Not only Peepli [Live], several other films, including Prakash Jha’s Gangajal, Vishal Bhardwaj’s Omkara and Shekhar Kapur’s Bandit Queen, are also caught in a legal wrangle.

The Lucknow bench of the Allahabad high court issued notices to the producers and directors of these films on Tuesday on a petition filed by a lawyer.

Notices were also issued to the ministry of information and broadcasting, Central Board of Film Certification (CBFC) and its chairperson Sharmila Tagore.

The petitioner has prayed that Peepli [Live] should not be screened at the Oscars as “it is bound to undermine the honour of the nation”. The petition seeks withdrawal of the CBFC certificates granted to these films and removal of the chairperson and members of CBFC for allegedly failing to do their duty by clearing films which are against “public interest, morality and decency” as defined in the Cinematography Act of 1952.

“The court empathised with the argument that the abusive words and expletives used in these films are having a detrimental effect on society,” petitioner Ashok Pande said.

“If the producer-directors have acted irresponsibly, it is the duty of the I&B ministry and CBFC to ensure that films with such filthy language are not exhibited in public,” he said. The court has warned the I&B ministry and the authorities concerned of severe action if they failed to take corrective action in this regard, Pande told reporters.

Aamir Khan and wife Kiran Rao, producers of Peepli [Live], are among the respondents who have been asked to clarify their position on this count by October 27, when the petition comes up for hearing.

Other respondents include Anusha Rizvi, director of Peepli [Live], Prakash Jha, producer-director of Gangajal, Vishal Bhardwaj, director of Omkara, Kumar Mangat, producer of Omkara, Shekhar Kapoor, director of Bandit Queen, and Sandeep Bedi, producer of Bandit Queen.

“It is appalling that Aamir Khan even dared to screen Peepli [Live] at PM’s house… even PM did not object to the disgraceful language used in the film,” Pande said.

The petition objects to the use of “abusive language to mothers, sisters, daughters” in these and several other films.

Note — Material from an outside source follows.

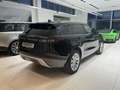 Land Rover Range Rover Velar 2.0 I4 240 CV SE Nero - thumbnail 5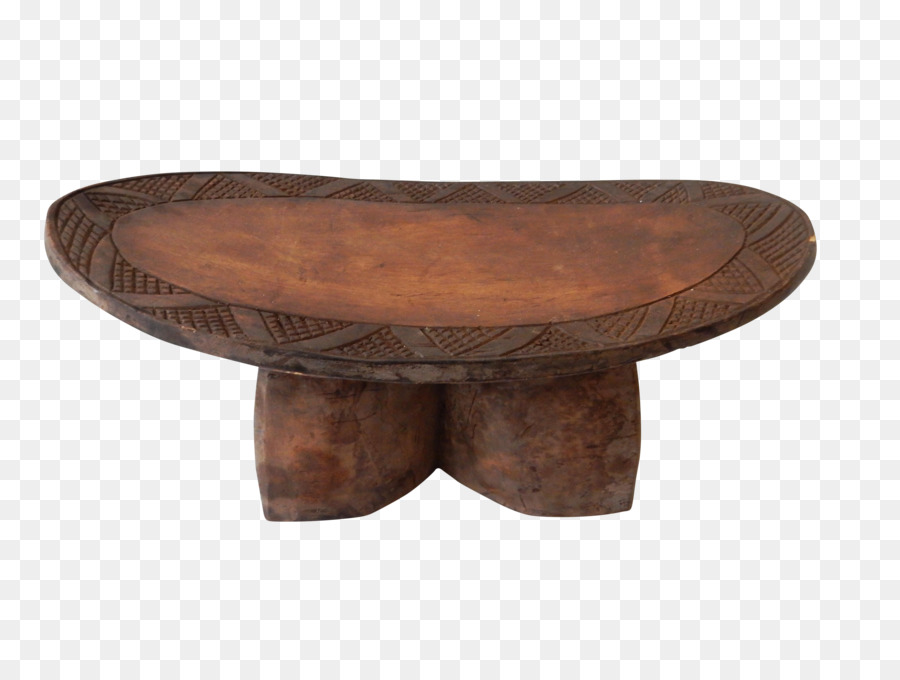 Tables De Café， PNG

It invokes section 5-B of the Cinematography Act, 1952, which enjoins upon the censor board to refuse certificates for public exhibition to films which use abusive language. “The expletives used in films such as Bandit Queen are unprintable and thus not proper to mention in the petition,” Pande said.

He has contended that the trend was started in recent times by Bandit Queen.

The censor board’s failure to check use of abusive language in the film, he says, “encouraged” other producers/directors to freely use expletives of the worst kind in films such as Omkara, Gangajal and Peepli [Live].